Task prompt: Each line between the one holding "Megan Thee Stallion photo 5 of 1985" and the end of the material below, both included, is to be transcribed word for word, with pictures left out.

Listed records:
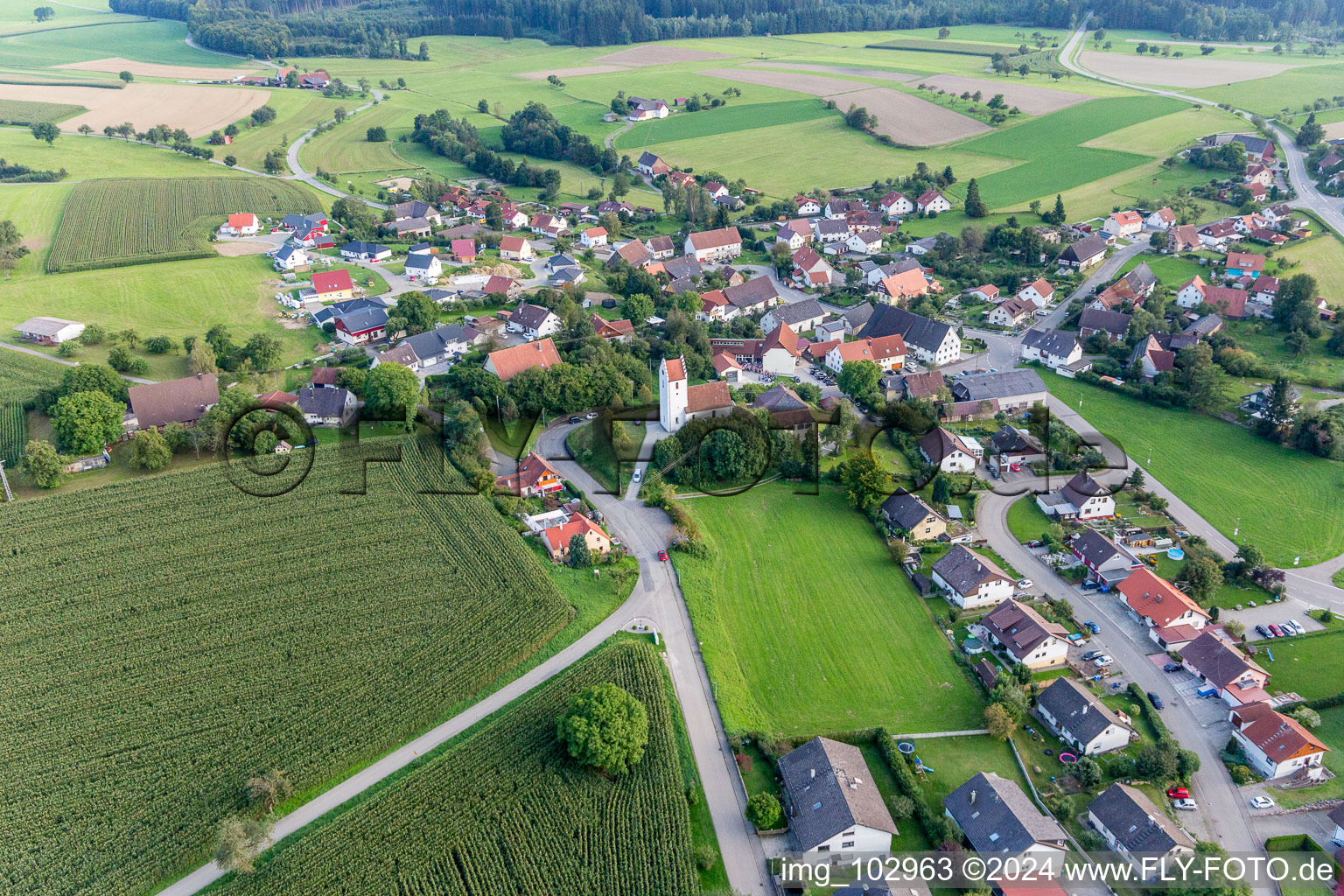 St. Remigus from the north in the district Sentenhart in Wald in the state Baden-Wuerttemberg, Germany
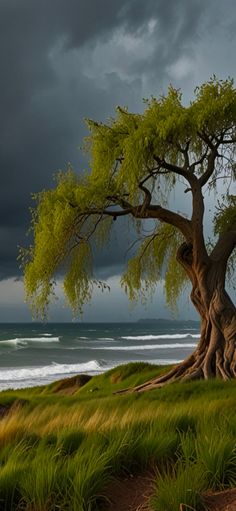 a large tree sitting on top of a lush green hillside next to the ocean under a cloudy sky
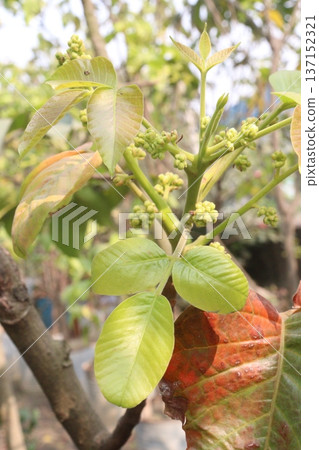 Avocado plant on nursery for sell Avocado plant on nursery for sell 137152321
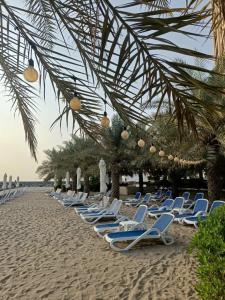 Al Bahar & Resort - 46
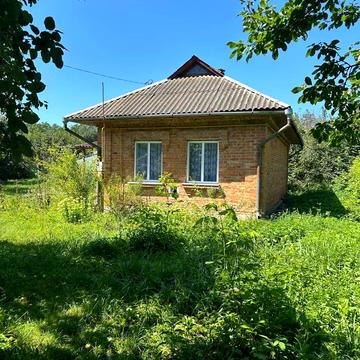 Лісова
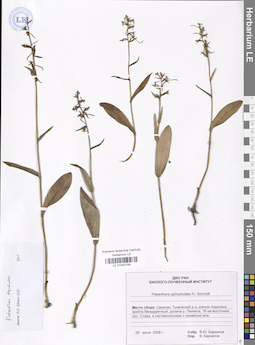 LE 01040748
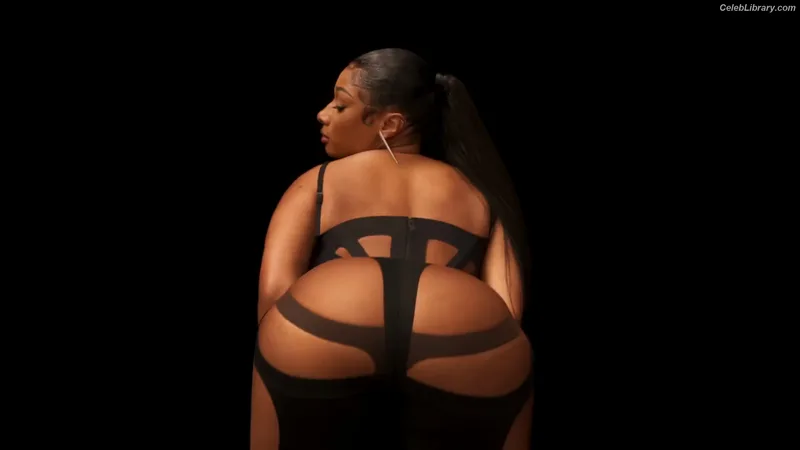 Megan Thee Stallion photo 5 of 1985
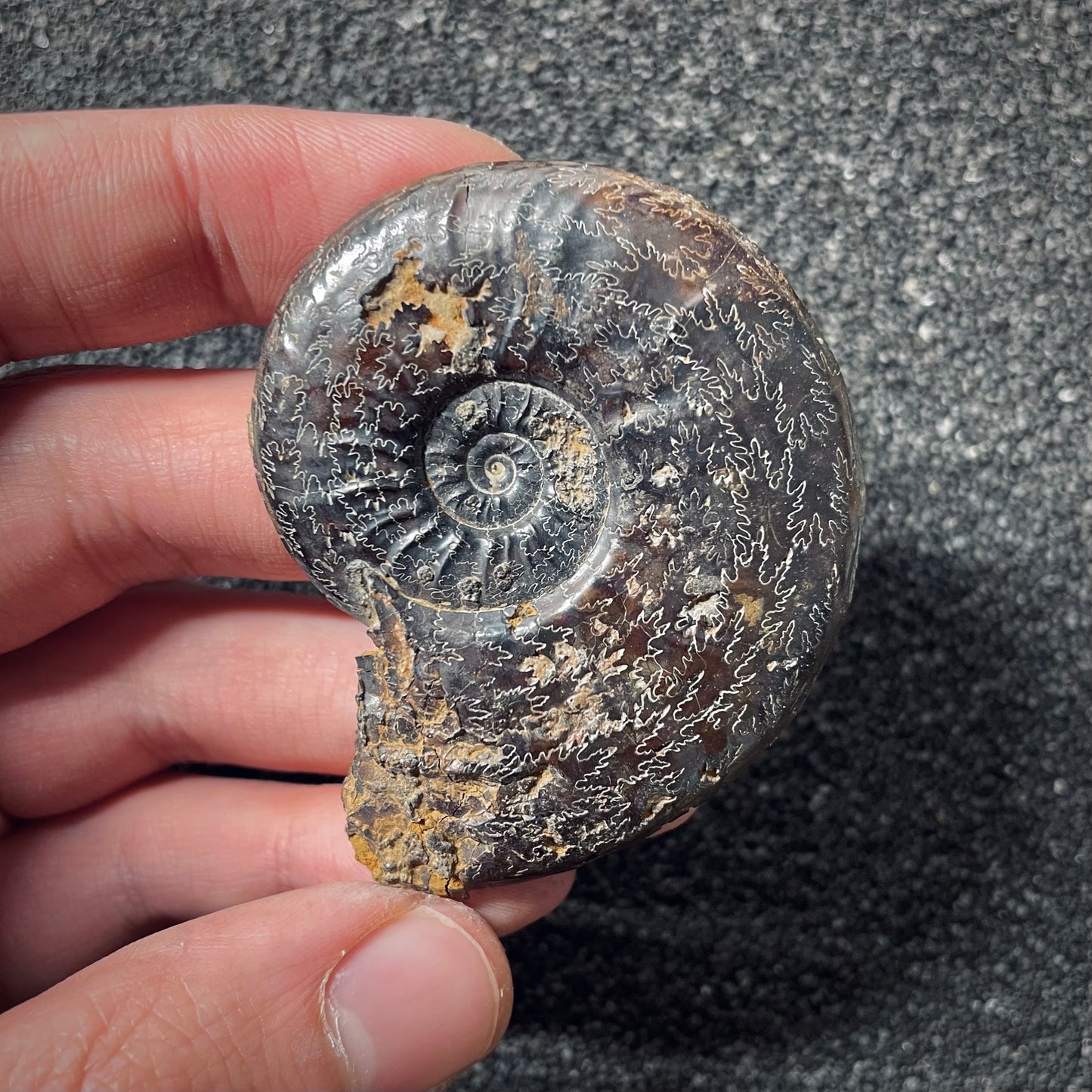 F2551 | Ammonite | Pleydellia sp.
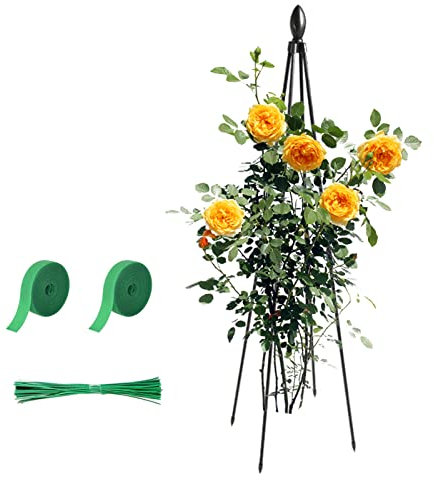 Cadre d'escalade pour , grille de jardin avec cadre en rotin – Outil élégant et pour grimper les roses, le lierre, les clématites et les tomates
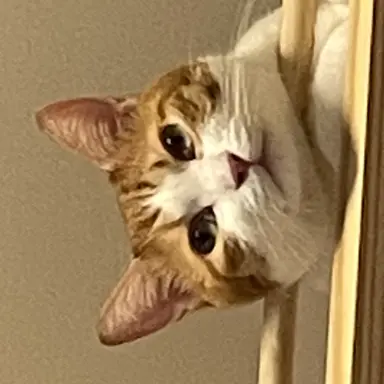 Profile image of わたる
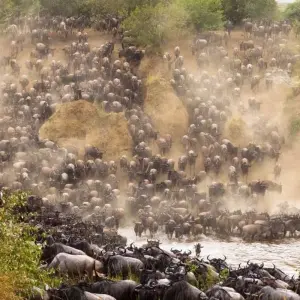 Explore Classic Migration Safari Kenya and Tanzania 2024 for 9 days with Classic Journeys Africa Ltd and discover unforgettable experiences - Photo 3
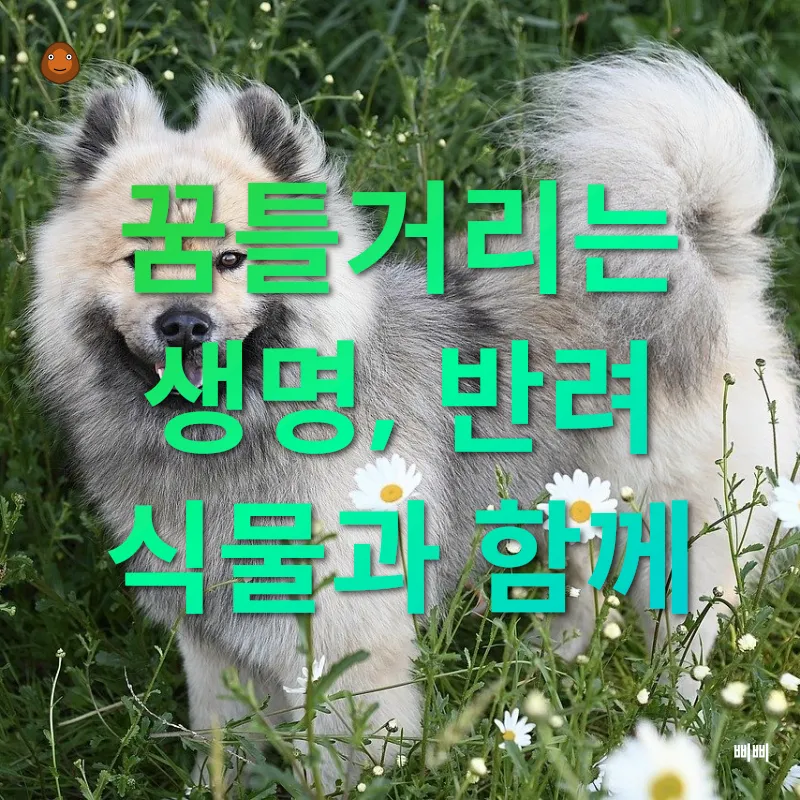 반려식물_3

Exercise output:
 Megan Thee Stallion photo 5 of 1985
 F2551 | Ammonite | Pleydellia sp.
 Cadre d'escalade pour , grille de jardin avec cadre en rotin – Outil élégant et pour grimper les roses, le lierre, les clématites et les tomates
 Profile image of わたる
 Explore Classic Migration Safari Kenya and Tanzania 2024 for 9 days with Classic Journeys Africa Ltd and discover unforgettable experiences - Photo 3
 반려식물_3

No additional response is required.